One of the primary challenges in Banking and Finance Translation is dealing with specialized terminology.
Navigating the world of Banking and Finance terminologies can be quite challenging. Efforts have been made to standardize financial language and improve transparency in financial reporting, such as the establishment of the International Accounting Standards (IAS) in 1973.
Regardless, financial reporting and translation remain an area of difficulty, even for professional translators and finance companies around the world. A look at the English version of the annual reports of major listed firms reveals many inconsistencies in the use of terms, mainly due to misleading translations.
For example, a study investigates the English translations of the annual reports from 393 listed firms in 11 countries. It looks at how the financial concept loss of value due to damage or changes in circumstances – impairment is translated from different languages into English.

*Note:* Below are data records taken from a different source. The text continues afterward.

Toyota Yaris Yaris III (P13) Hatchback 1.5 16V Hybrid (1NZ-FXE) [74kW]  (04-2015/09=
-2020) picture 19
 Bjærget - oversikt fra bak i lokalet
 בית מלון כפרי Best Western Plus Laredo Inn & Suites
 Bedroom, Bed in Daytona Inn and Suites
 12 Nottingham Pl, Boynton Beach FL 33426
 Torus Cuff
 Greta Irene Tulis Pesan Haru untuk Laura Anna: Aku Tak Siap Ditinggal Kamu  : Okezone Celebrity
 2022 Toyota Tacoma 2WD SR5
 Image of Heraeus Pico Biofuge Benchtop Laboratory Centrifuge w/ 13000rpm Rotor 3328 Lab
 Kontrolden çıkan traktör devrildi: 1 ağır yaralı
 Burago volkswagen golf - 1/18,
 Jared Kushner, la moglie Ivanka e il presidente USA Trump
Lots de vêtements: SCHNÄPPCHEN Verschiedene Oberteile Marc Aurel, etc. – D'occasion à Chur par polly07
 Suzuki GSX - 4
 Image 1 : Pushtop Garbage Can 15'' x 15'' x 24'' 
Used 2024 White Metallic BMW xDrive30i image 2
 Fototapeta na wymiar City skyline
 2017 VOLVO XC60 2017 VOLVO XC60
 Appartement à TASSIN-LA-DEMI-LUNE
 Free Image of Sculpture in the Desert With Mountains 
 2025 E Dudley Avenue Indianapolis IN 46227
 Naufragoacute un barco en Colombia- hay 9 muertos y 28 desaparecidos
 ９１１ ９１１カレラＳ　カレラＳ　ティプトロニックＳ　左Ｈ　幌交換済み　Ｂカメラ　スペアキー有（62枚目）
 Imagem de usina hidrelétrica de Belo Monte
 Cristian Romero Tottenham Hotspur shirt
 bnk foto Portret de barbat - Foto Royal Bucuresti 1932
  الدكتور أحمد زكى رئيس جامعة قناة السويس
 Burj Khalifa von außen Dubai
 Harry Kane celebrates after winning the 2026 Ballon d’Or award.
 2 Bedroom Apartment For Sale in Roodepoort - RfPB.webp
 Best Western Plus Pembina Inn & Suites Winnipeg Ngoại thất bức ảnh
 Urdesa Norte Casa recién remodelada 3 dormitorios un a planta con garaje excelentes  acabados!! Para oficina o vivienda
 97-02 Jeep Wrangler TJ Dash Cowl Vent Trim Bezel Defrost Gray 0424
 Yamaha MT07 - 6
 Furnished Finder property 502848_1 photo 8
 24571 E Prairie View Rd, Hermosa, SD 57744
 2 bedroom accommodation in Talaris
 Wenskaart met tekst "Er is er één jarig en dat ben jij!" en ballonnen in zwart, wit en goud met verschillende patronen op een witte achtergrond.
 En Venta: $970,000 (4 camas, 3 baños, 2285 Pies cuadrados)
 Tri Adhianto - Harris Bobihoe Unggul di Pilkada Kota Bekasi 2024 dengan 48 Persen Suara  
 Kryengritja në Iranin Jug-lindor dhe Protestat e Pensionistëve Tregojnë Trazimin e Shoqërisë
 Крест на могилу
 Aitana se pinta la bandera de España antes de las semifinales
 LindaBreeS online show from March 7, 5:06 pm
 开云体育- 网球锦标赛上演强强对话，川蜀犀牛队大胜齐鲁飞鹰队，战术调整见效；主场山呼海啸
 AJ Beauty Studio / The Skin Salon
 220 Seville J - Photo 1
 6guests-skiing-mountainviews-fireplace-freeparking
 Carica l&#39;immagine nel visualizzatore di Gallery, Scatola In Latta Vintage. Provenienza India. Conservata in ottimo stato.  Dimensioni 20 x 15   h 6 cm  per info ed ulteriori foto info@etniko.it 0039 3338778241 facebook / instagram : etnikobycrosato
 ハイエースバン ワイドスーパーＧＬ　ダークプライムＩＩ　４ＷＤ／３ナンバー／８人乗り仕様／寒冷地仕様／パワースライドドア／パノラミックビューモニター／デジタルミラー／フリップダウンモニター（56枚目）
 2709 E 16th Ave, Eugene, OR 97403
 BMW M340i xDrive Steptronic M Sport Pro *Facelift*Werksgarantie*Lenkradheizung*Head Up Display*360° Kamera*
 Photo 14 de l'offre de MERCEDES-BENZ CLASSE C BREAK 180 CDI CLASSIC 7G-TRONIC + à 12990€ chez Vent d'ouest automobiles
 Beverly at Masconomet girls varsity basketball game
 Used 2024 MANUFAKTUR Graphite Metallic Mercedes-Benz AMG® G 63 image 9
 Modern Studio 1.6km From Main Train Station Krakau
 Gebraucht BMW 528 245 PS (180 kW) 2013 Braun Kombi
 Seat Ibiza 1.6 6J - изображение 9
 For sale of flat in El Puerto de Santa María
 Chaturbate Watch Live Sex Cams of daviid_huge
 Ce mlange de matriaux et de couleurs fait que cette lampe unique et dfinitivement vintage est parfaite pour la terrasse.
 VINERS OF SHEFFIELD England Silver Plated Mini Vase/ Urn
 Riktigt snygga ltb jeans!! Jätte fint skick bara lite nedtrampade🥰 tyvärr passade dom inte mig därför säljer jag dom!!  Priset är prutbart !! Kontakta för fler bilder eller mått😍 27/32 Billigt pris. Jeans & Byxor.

Findings show that most translations did not use the correct term “impairment” to denote this financial concept. Indeed, many translations were misleading.
Particularly, in Carrefour’s 2006 Financial Report, multiple terms are used to denote “impairment” within a single translated document. The Property, Plant and Equipment (PPE) note on page 96 uses “write-down,” the table on page 97 mentions “depreciation,” and the PPE policy note on page 79 simply refers to “loss in value.”
At a glance, “impairment” and “depreciation” may be similar in meaning, which is likely the cause of confusion for translators. However, it is important to note they are two separate financial terms that should not be used interchangeably. “Impairment” is measured based on a decline in value but signifies damage as the economic event. On the other hand, “depreciation” is measured considering the eventual expected residual value, with the economic event being the passage of time or gradual wearing out.
This example illustrates the complexities of Banking and Finance terminologies. Translators of financial content should have a deep understanding of financial terminologies in order to distinguish between nuanced financial concepts and use the correct terms to maintain the accuracy and integrity of financial translations.